* _Exercise data_:

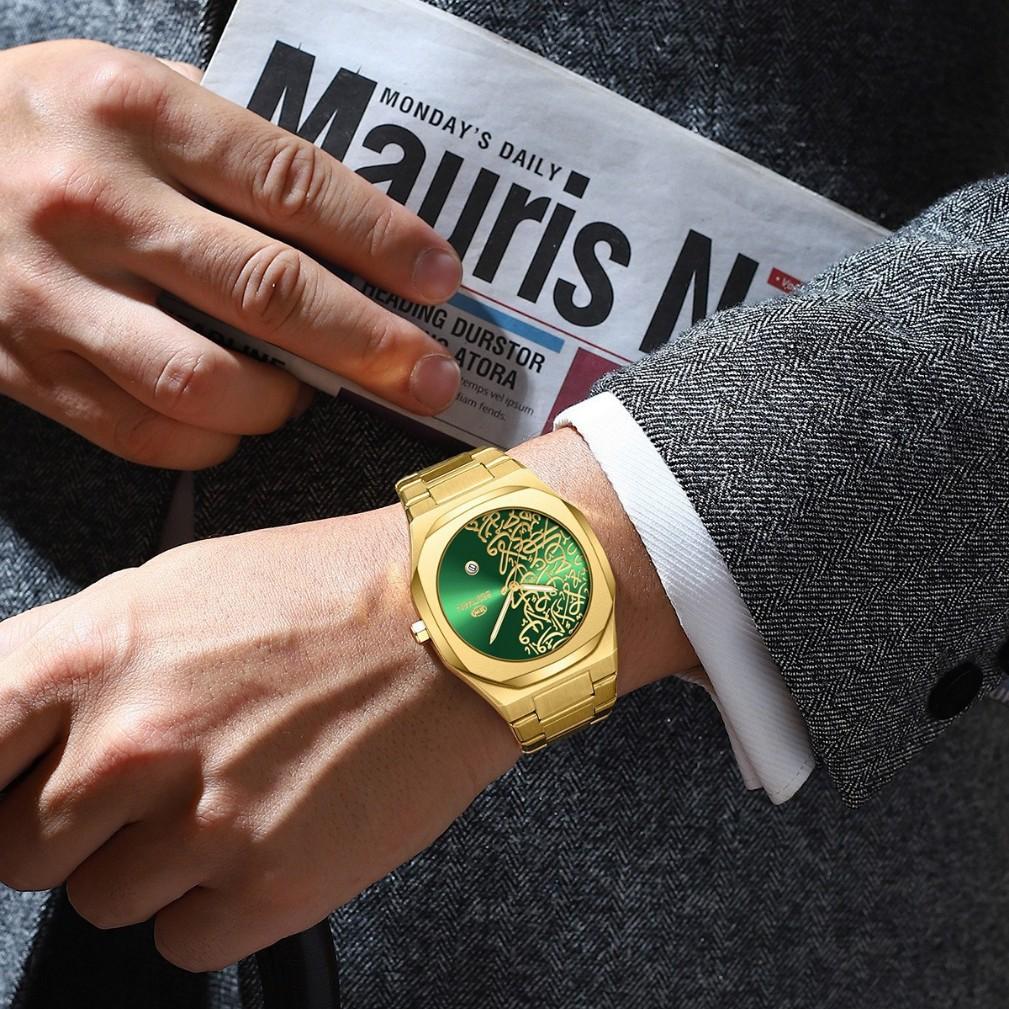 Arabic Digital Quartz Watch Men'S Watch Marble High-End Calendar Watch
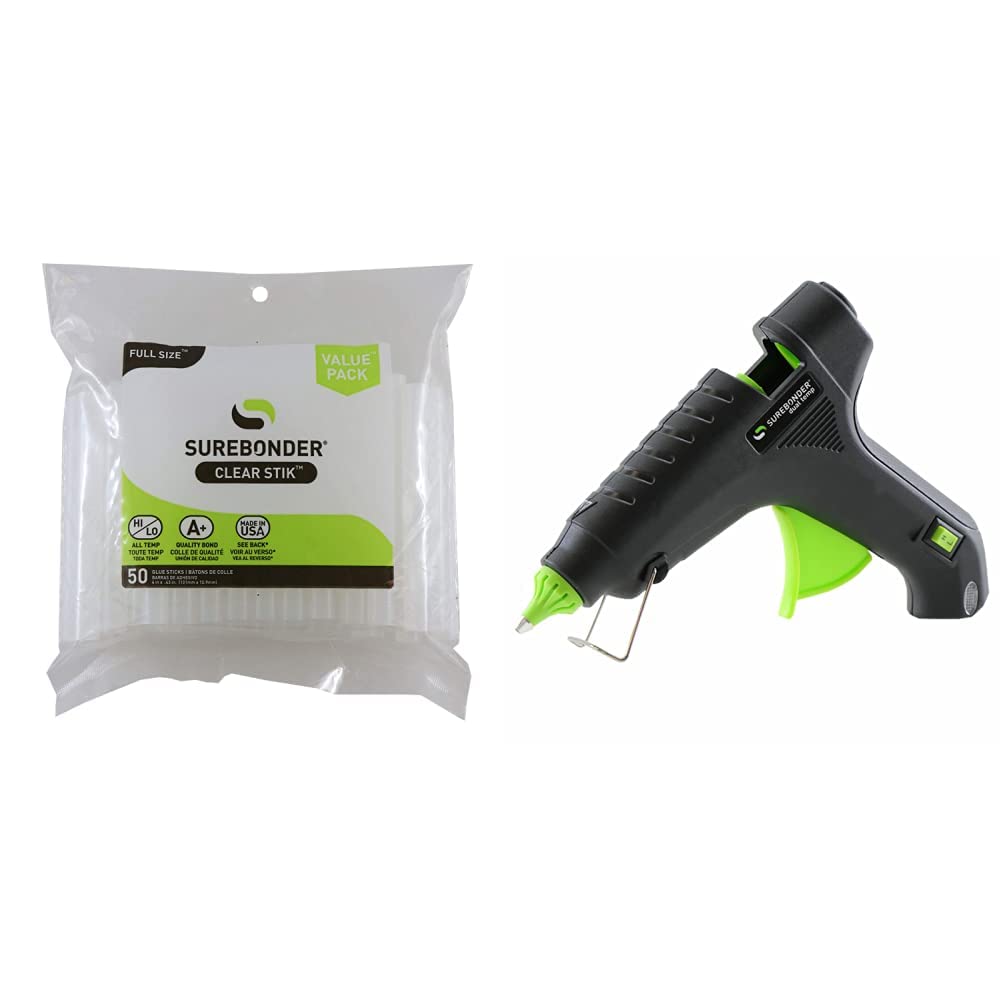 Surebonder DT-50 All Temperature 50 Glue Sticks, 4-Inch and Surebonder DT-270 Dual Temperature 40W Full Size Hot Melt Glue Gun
...
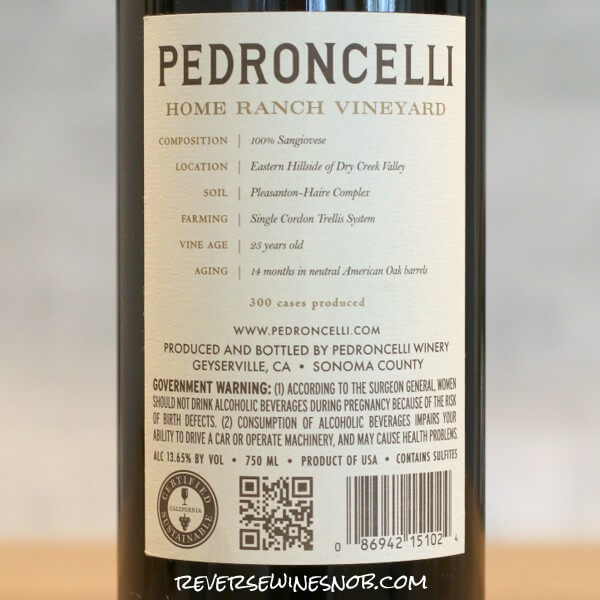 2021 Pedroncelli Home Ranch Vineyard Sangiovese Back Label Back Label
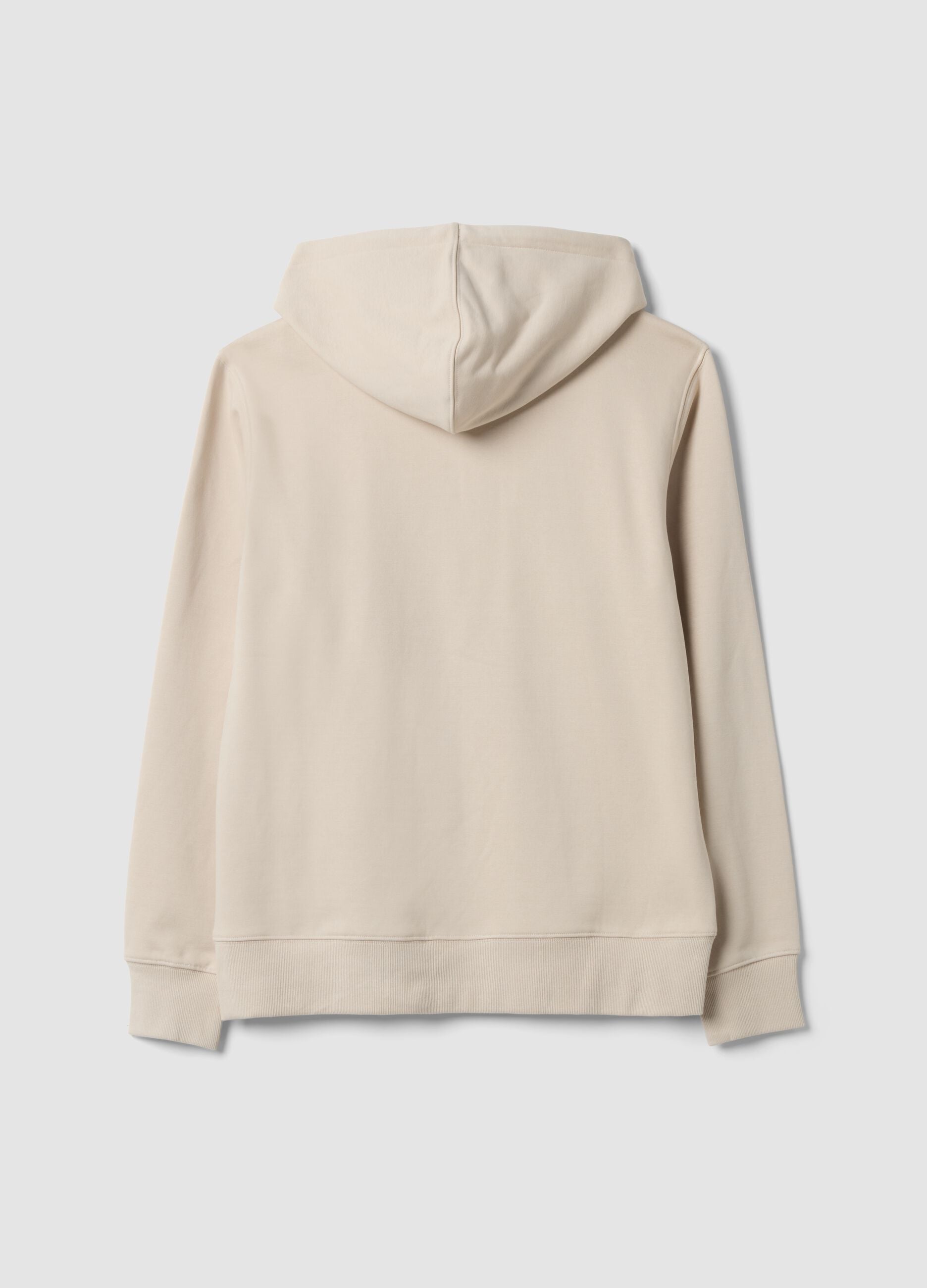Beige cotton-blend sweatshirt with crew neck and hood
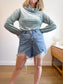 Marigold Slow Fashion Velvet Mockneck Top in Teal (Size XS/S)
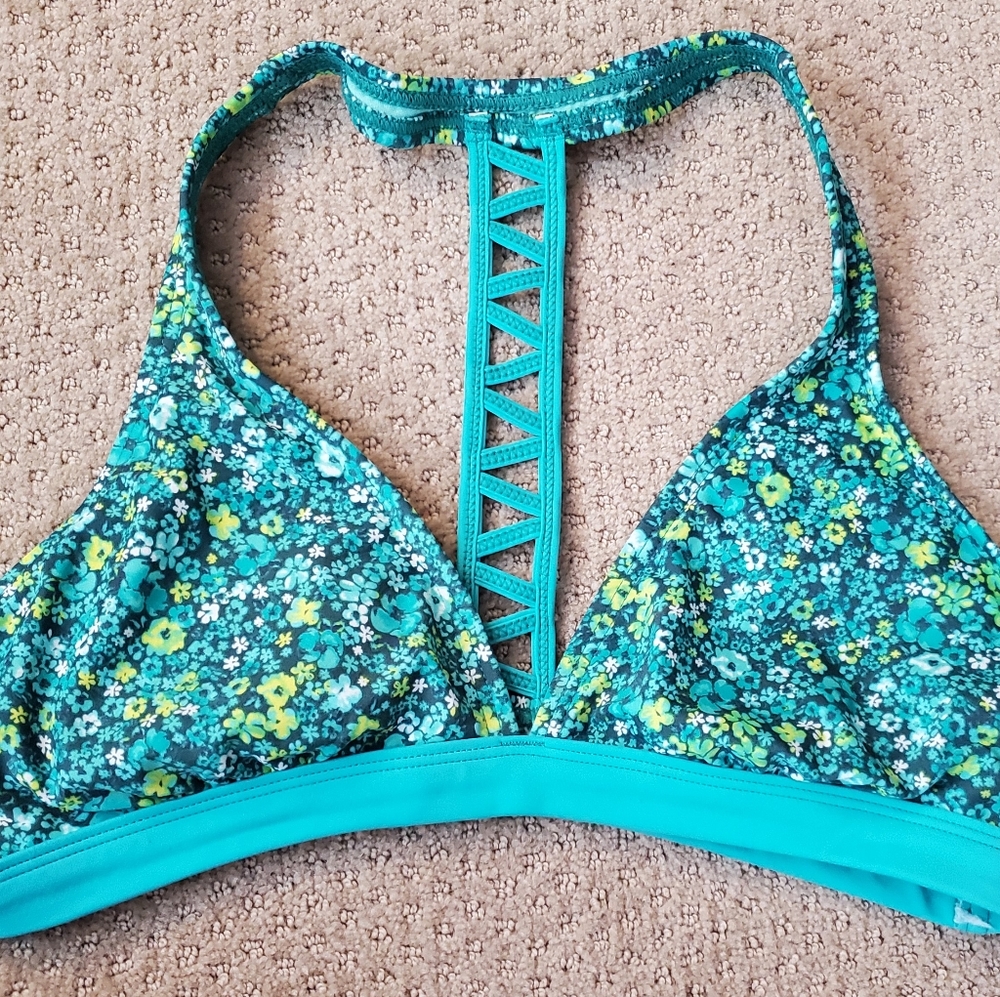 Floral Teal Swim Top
...
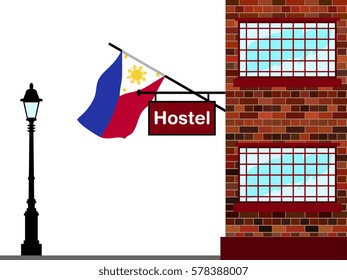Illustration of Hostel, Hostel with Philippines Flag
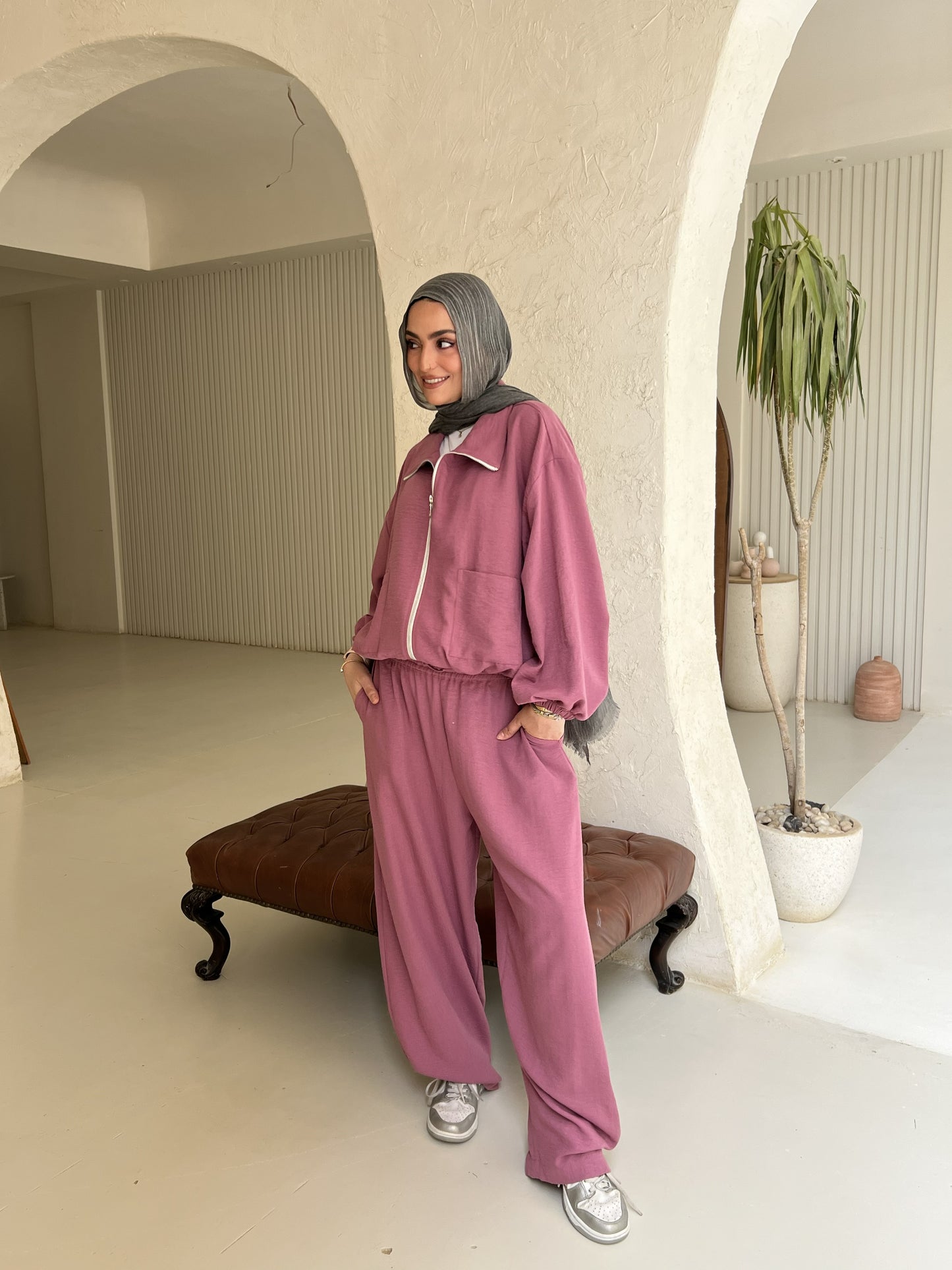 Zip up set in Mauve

* _Assignment_: In the listing above, find the line with "Illustration of Hostel, Hostel" and the line with "Zip up set in Mauve". Copy exactly those lines and all between them, minus the images.

* _Your response_:
Illustration of Hostel, Hostel with Philippines Flag
 Zip up set in Mauve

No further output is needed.